L’urgenza di questi interventi era nell’agenda del Governo da mesi, come ha spiegato lo stesso Presidente del Consiglio Mario Monti, giovedì a notte inoltrata, dopo una seduta del Consiglio dei Ministri durata sette ore. C’è voluto più tempo del previsto per varare il decreto perché “non sono tagli lineari” ha detto Monti. Con il provvedimento “è possibile evitare l’aumento di due punti dell’IVA che sarebbe scattato a ottobre e si potrà evitare l’aumento dei due punti sia nell’ultimo scorcio del 2012 sia nel primo trimestre del 2013”. La misura dell’aumento dell’IVA è pertanto ipotizzabile dal luglio 2013. Complessivamente, la spesa pubblica subirà tagli per 4,5 miliardi per l’anno in corso, 10,5 miliardi per il 2013 e altri 11 miliardi per il 2014: totale 26 miliardi. L’intera struttura dei tagli contenuti in questo decreto è frutto del coordinamento affidato al commissario per i tagli alla spesa pubblica Enrico Bondi. Il decreto si compone di 25 articoli, di cui 23 relativi alle disposizioni, il 24 esimo riguardante la copertura finanziaria ed il 25 esimo che indica la data di entrata in vigore. La spending review non risparmia alcun settore della Pubblica amministrazione.

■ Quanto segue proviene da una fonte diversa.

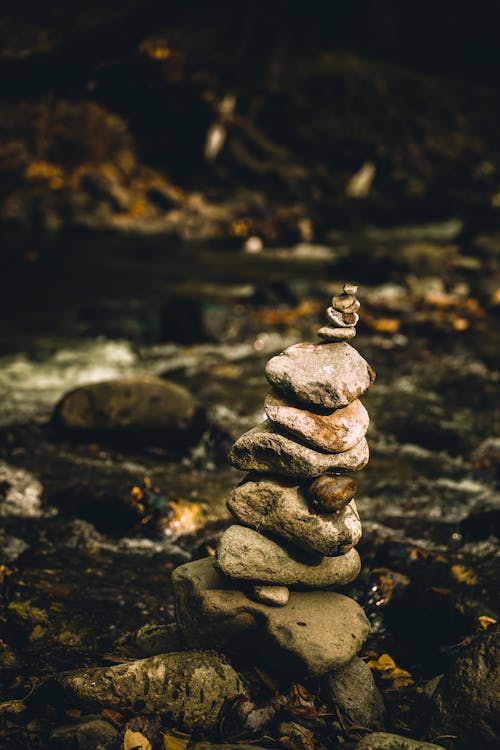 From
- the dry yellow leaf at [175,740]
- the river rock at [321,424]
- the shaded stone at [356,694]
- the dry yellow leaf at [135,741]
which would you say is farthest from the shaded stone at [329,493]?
the dry yellow leaf at [135,741]

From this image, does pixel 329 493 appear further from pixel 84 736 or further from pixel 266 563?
pixel 84 736

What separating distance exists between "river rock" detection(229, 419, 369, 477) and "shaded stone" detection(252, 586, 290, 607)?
2.53ft

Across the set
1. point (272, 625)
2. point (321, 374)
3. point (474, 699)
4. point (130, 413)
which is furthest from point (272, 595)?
point (130, 413)

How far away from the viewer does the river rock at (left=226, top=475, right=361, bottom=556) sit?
406cm

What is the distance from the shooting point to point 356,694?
161 inches

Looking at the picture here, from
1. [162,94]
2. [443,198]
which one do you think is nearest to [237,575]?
[162,94]

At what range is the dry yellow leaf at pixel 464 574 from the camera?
18.4 ft

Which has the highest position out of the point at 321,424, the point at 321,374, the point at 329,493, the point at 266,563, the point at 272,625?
the point at 321,374

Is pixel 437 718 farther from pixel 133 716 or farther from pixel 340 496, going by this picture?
pixel 133 716

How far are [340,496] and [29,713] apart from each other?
2.31 m

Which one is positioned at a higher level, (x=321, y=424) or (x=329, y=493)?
(x=321, y=424)

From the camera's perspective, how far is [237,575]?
4.15m

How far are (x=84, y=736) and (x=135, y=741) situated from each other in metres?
0.30

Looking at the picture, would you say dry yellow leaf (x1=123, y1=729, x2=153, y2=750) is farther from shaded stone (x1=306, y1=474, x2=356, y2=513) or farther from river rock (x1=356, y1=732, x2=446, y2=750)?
shaded stone (x1=306, y1=474, x2=356, y2=513) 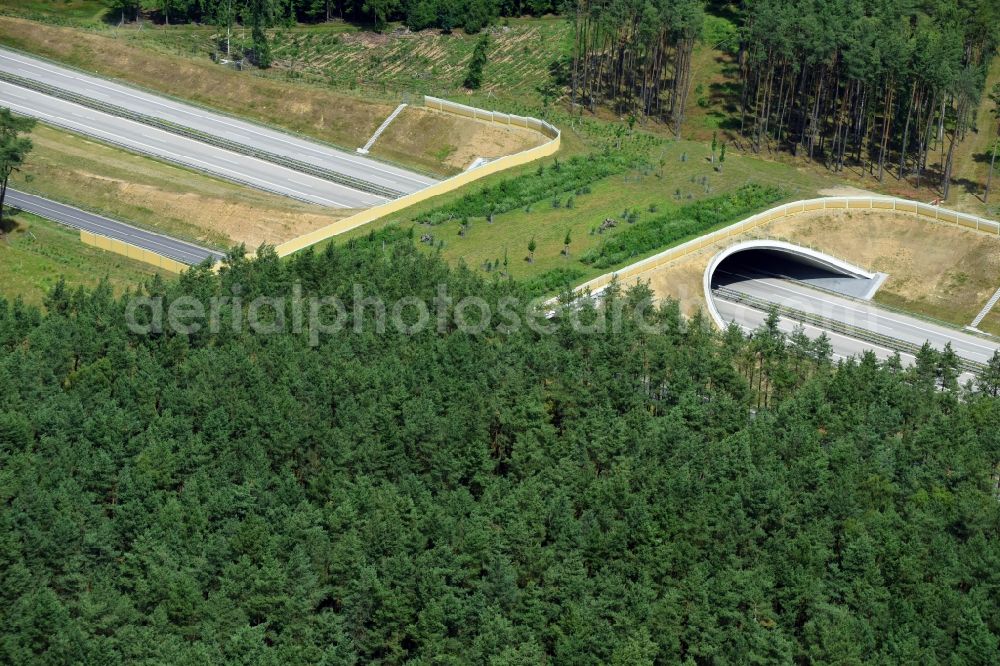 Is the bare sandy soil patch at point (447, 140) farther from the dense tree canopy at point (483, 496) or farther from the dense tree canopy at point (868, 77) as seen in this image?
the dense tree canopy at point (483, 496)

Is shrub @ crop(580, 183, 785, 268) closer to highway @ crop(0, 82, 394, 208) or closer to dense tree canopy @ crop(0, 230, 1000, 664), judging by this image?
dense tree canopy @ crop(0, 230, 1000, 664)

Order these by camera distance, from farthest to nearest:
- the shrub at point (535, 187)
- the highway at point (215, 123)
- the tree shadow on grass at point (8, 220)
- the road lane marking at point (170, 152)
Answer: the highway at point (215, 123) → the road lane marking at point (170, 152) → the shrub at point (535, 187) → the tree shadow on grass at point (8, 220)

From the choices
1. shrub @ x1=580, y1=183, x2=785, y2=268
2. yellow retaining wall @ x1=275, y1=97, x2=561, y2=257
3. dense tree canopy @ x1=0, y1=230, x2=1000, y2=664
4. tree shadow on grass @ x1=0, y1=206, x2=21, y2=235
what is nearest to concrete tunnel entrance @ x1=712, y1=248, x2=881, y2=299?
shrub @ x1=580, y1=183, x2=785, y2=268

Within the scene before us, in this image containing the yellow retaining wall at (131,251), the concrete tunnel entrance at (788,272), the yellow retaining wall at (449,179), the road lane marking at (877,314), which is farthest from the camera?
the concrete tunnel entrance at (788,272)

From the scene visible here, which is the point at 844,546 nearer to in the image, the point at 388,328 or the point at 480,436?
the point at 480,436

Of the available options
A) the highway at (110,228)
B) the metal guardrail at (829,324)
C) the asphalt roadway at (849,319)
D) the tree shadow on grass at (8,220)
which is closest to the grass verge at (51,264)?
the tree shadow on grass at (8,220)

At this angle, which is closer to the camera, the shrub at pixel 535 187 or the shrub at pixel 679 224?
the shrub at pixel 679 224

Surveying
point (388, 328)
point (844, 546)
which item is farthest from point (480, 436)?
point (844, 546) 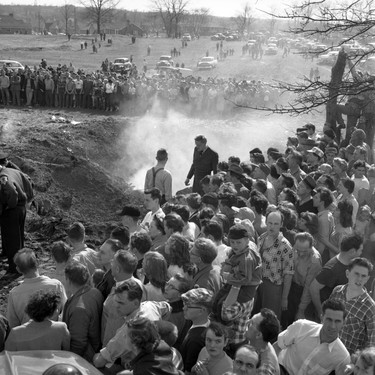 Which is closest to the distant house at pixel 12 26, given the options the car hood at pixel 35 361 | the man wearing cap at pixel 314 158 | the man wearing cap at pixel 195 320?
the man wearing cap at pixel 314 158

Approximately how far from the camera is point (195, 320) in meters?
4.86

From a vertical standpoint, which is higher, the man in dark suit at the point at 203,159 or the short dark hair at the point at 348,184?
the short dark hair at the point at 348,184

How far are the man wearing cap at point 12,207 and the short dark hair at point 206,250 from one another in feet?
12.3

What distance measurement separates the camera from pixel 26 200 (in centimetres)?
881

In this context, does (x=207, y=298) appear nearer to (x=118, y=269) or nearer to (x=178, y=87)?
(x=118, y=269)

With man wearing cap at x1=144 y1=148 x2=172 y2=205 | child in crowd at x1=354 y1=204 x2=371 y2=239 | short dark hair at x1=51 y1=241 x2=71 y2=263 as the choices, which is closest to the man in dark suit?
man wearing cap at x1=144 y1=148 x2=172 y2=205

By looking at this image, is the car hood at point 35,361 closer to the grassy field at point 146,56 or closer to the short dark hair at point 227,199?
the short dark hair at point 227,199

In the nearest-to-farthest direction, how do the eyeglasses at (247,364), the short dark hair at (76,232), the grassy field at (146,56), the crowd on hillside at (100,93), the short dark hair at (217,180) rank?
the eyeglasses at (247,364) < the short dark hair at (76,232) < the short dark hair at (217,180) < the crowd on hillside at (100,93) < the grassy field at (146,56)

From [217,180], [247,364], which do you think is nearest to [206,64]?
[217,180]

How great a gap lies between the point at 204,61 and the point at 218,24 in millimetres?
99518

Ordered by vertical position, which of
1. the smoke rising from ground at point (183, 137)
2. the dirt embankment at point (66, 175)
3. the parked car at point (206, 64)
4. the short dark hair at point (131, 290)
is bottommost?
the parked car at point (206, 64)

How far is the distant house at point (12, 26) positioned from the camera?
283 feet

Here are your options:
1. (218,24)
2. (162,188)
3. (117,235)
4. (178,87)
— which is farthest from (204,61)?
(218,24)

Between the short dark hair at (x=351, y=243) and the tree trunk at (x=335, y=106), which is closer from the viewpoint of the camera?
the short dark hair at (x=351, y=243) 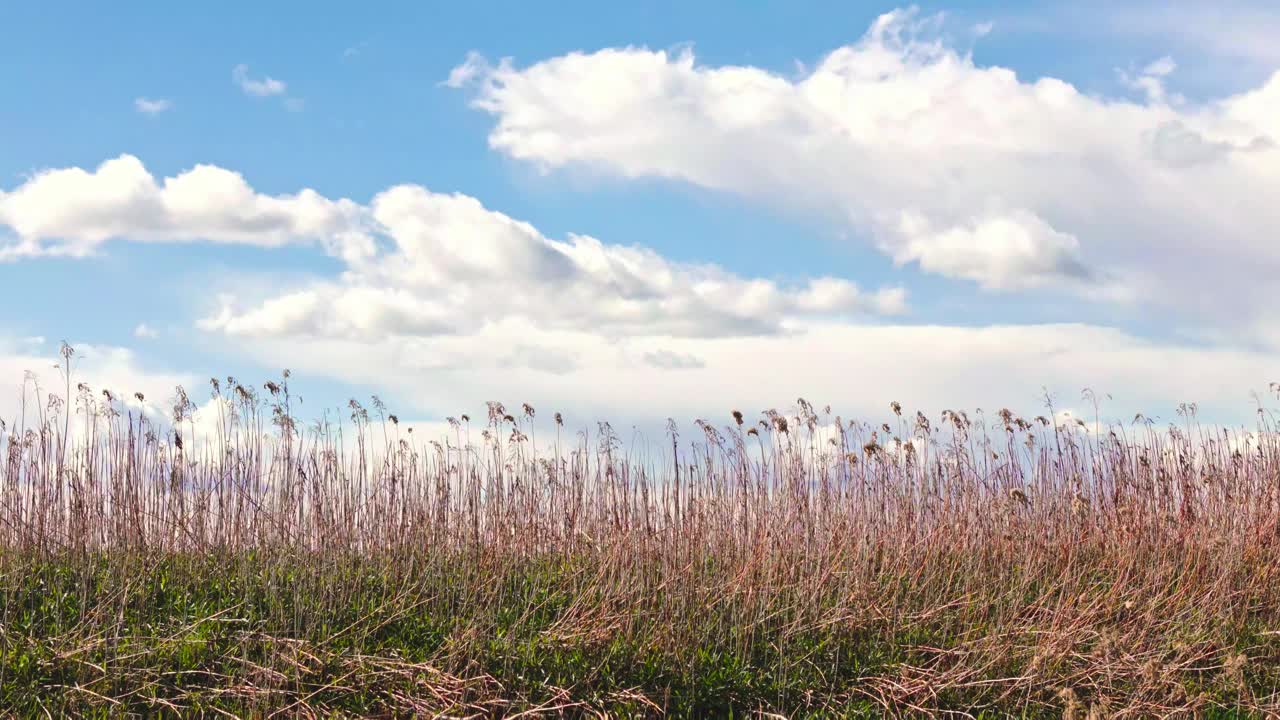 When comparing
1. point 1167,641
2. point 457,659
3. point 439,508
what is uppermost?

Che cosa cambia nella Sanità
In particolare, per quanto riguarda la Sanità, ecco in sintesi le misure: si salvano, per ora, i piccoli ospedali al di sotto dei 120 (o 80) posti letto, ma alla riorganizzazione della rete ospedaliera sono chiamate le Regioni, con l’obiettivo di ridurre su scala nazionale qualcosa come 18-20 mila posti letto già dai prossimi mesi. Da qui al 2014 la riduzione della spesa sanitaria sarà di 13 miliardi: gli 8 decisi dalla manovra di Tremonti nell’estate 2011 più 5 decisi da questo governo. Nei prossimi mesi la partita si giocherà tutta tra Governo e Regioni: si tratterà di vedere se le Regioni “asseconderanno” il Governo nell’indicazione di ridurre lo standard nazionale a 3,7 posti letto per mille abitanti, compreso lo 0,7 posti letto per lungodegenze e riabilitazione. A fronte di questo momentaneo salvataggio degli ospedaletti, la scure colpisce senza tentennamenti la spesa farmaceutica la cui percentuale sul totale della spesa sanitaria viene abbassata, già nell’anno in corso, dal 13,3 al 13,1 per cento, per scendere ancora nel 2013 all’11,5 per cento. L’unica voce in aumento dal 2,4 al 3,2 per cento è spesa farmaceutica ospedaliera, un aumento che però le stesse aziende farmaceutiche saranno chiamate a compensare con una percentuale del 50 per cento a fronte dell’attuale 32 per cento. Altro salasso per industria farmaceutica e farmacie viene dall’imposizione degli sconti da praticare a favore del SSN: per le industrie sale al 6,5 per cento dall’attuale 1,83, mentre per le farmacie sale dall’1,83 attuale al 3,65 per cento.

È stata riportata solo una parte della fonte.